> [Work request]
What is needed is an exact copy of the lines in the entries below from the one holding "Ikea Poang Chair" through the one holding "Borla 60593 2.5-in", pictures excluded.

[Web page caption snippets]
# # # # #

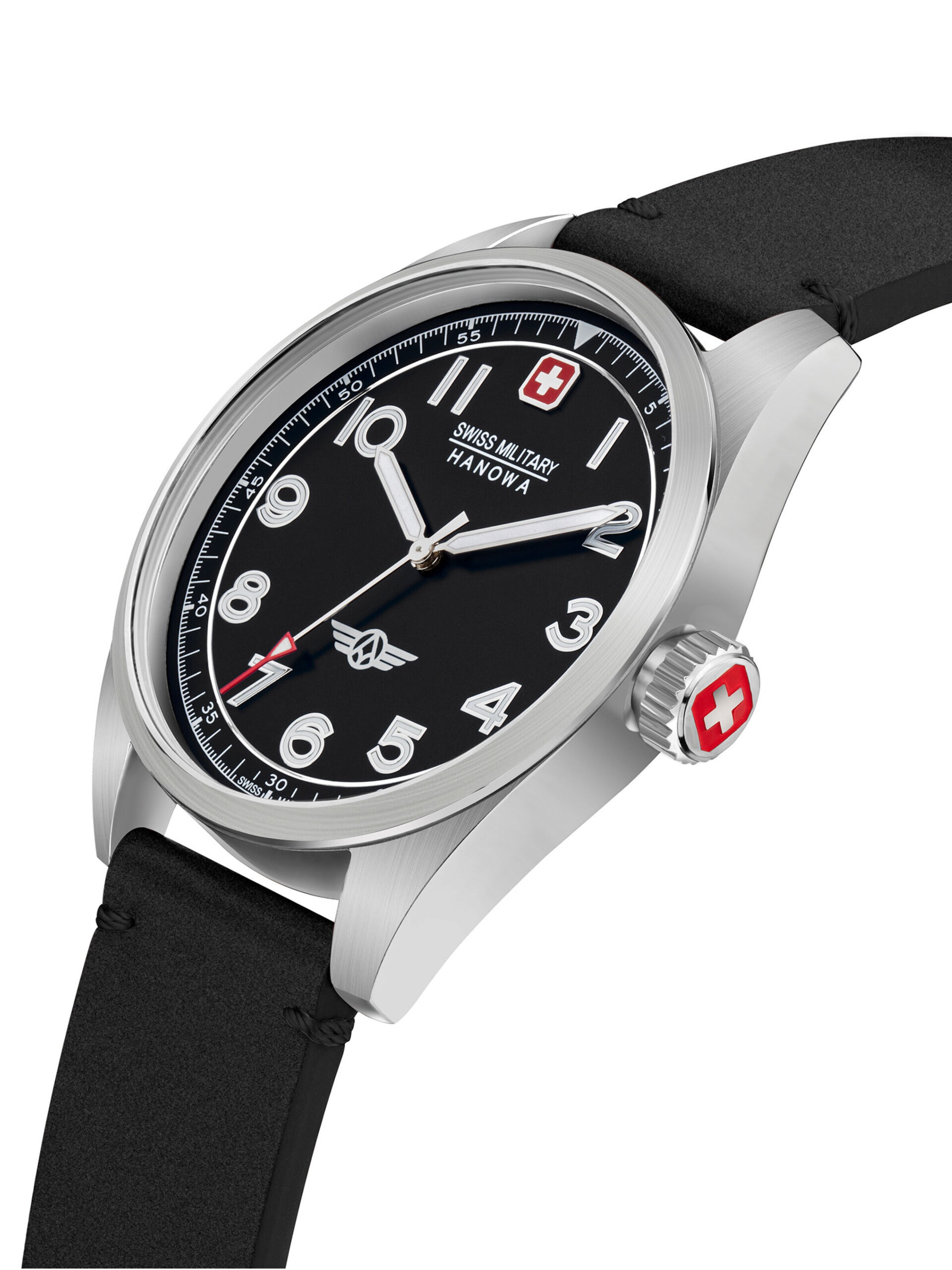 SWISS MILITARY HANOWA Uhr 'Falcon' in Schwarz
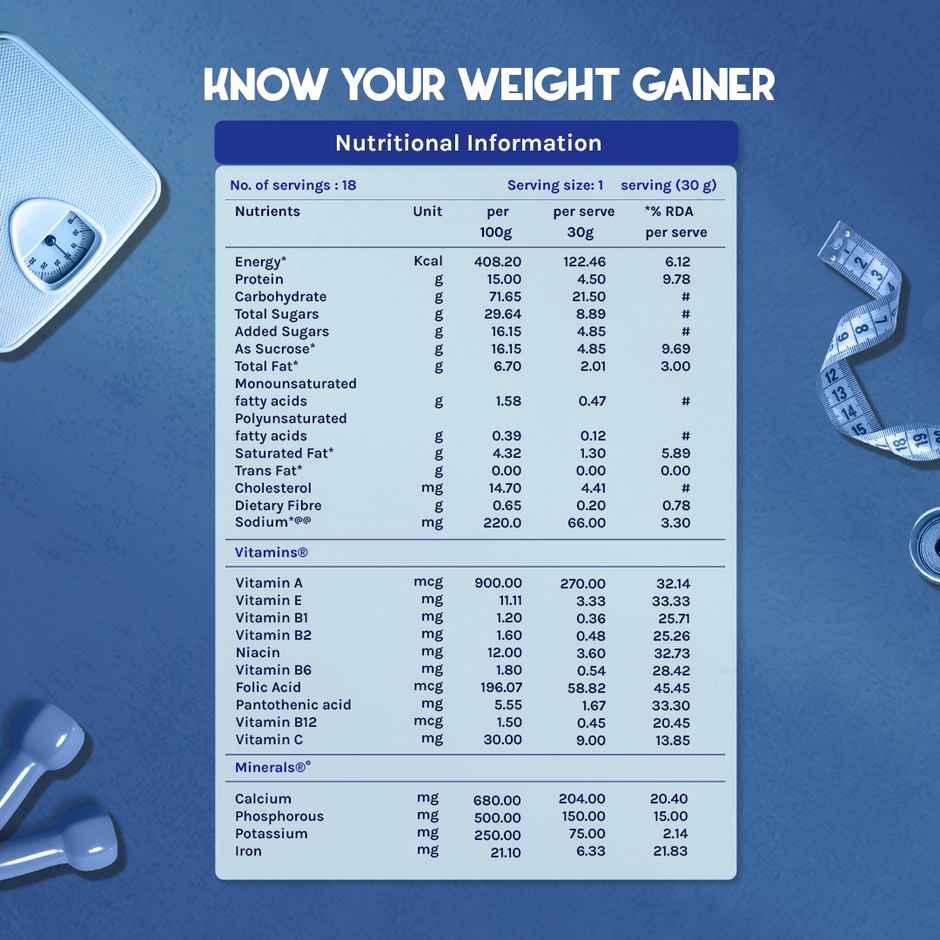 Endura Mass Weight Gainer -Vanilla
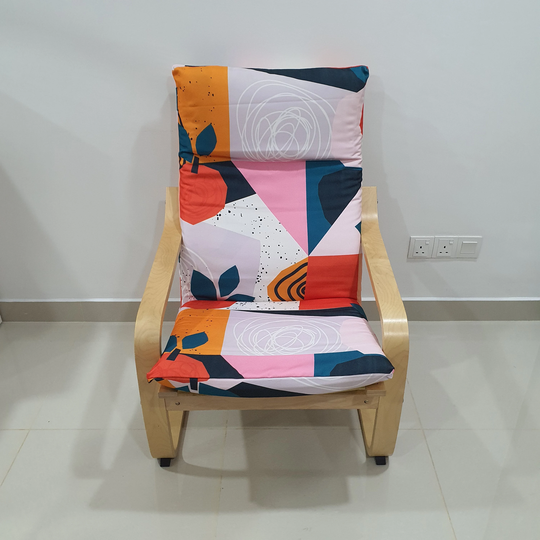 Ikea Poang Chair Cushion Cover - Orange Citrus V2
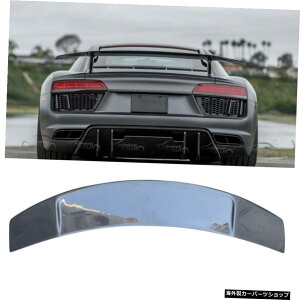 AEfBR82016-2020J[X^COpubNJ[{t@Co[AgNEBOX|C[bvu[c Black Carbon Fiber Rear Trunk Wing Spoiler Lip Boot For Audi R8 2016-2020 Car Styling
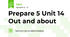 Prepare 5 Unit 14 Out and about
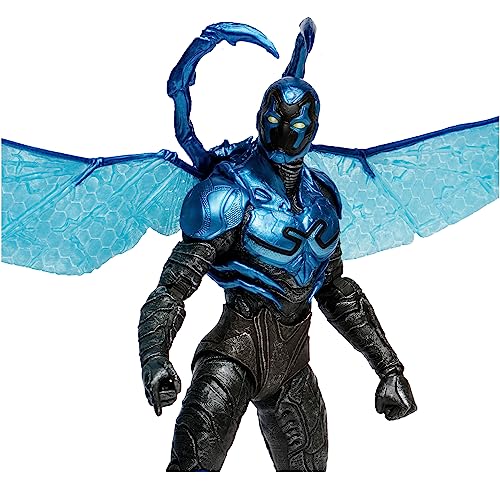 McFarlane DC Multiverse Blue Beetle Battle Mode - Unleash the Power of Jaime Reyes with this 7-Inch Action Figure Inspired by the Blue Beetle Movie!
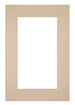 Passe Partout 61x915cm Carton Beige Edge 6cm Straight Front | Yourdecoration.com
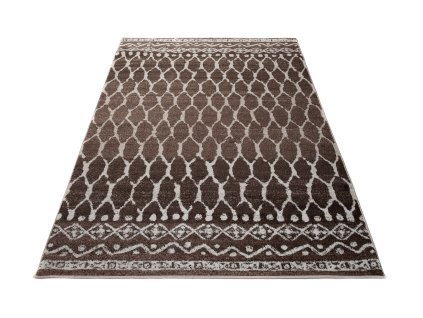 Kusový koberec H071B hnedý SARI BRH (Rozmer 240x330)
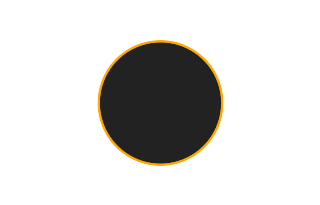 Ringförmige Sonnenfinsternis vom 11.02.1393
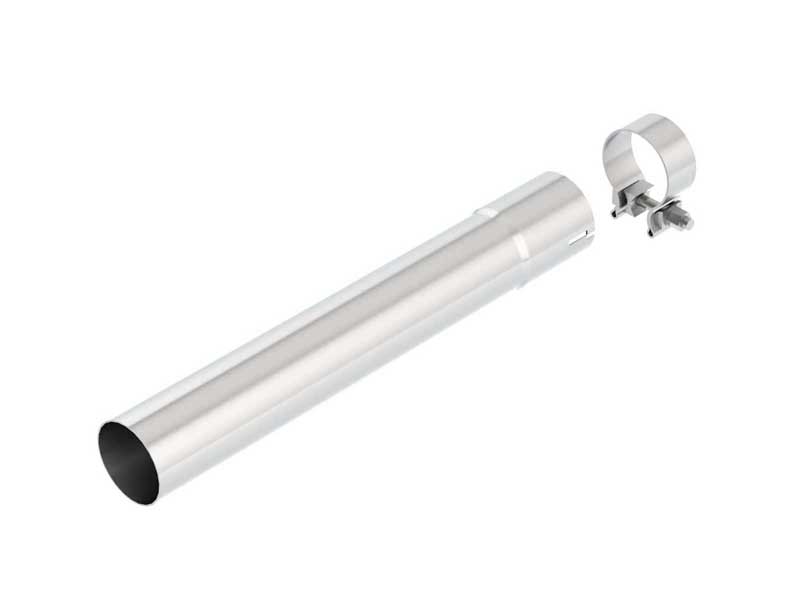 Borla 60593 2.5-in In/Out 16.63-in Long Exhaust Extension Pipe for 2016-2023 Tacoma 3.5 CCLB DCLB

# # # # #

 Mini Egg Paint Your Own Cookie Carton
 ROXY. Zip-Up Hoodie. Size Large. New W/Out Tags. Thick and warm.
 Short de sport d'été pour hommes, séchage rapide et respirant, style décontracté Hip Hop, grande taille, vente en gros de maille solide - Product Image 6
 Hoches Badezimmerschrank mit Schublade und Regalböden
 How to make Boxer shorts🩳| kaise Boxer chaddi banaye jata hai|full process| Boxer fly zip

# # # # #

> [Output for this exercise]
 Ikea Poang Chair Cushion Cover - Orange Citrus V2
 AEfBR82016-2020J[X^COpubNJ[{t@Co[AgNEBOX|C[bvu[c Black Carbon Fiber Rear Trunk Wing Spoiler Lip Boot For Audi R8 2016-2020 Car Styling
 Prepare 5 Unit 14 Out and about
 McFarlane DC Multiverse Blue Beetle Battle Mode - Unleash the Power of Jaime Reyes with this 7-Inch Action Figure Inspired by the Blue Beetle Movie!
 Passe Partout 61x915cm Carton Beige Edge 6cm Straight Front | Yourdecoration.com
 Kusový koberec H071B hnedý SARI BRH (Rozmer 240x330)
 Ringförmige Sonnenfinsternis vom 11.02.1393
 Borla 60593 2.5-in In/Out 16.63-in Long Exhaust Extension Pipe for 2016-2023 Tacoma 3.5 CCLB DCLB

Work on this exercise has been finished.